Several core group members involved with setting up the Flatbush farm share acknowledge that making the case for lower-income participation where members are expected to commit food stamp payments for a share of exotic vegetables they’ve never seen before can be somewhat daunting.
The Flatbush provider, The Farm at Miller’s Crossing in Hudson, NY, plans to deliver everything from tomatoes, beets and lettuce to tatsoi (a green also known as spinach mustard), arugula (a peppery green also called “rocket”) and bok choy (Chinese cabbage).
In this effort, the farm share is also getting support in its outreach efforts from the Brooklyn-based nonprofit organization CAMBA, which is partnered with the CSA to provide scholarships to low-income participants who meet the poverty threshold.
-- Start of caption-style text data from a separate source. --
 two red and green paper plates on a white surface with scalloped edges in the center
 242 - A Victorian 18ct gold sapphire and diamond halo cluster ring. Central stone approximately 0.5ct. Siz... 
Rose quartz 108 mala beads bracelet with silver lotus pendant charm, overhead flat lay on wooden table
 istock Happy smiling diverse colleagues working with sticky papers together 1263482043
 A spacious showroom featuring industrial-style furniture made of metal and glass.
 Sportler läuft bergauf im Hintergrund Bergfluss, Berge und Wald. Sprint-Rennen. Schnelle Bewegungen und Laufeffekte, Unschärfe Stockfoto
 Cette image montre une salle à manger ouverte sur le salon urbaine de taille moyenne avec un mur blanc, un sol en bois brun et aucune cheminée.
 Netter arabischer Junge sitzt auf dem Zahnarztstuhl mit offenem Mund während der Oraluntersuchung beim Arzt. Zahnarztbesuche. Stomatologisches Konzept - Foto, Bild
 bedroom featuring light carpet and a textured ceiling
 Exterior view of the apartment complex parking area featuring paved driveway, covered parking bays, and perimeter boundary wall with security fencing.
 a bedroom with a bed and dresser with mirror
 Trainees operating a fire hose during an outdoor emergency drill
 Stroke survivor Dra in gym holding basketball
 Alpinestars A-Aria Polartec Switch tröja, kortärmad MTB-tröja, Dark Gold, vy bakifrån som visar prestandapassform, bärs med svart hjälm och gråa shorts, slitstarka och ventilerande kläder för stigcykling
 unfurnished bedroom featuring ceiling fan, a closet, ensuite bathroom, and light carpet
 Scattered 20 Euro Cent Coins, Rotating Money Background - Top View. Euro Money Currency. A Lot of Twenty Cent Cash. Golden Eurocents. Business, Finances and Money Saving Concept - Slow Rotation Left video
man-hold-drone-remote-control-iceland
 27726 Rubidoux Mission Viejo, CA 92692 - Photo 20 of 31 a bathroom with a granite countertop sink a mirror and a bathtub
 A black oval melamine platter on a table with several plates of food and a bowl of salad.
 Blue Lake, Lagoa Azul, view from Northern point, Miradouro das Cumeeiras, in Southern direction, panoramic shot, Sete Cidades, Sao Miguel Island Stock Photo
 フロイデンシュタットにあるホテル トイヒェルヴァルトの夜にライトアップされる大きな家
CAMBA food programs director Janet Miller says that so far, 20 applications for scholarships to participate in the CSA through CAMBA have been received.
But Miller notes that the biggest challenge in getting people to participate in the Flatbush CSA has less to do with navigating issues of income eligibility and immigration status as it does with explaining how the program works – an obstacle she says applies to staffers in addition to clients.
But, she says, once she has someone’s ear, they tend to get excited. “Once they come to a meeting and I start talking about a CSA, they are really engaged and interested … if you can get to people and actually talk to them about what the program is, they get very enthusiastic about it.”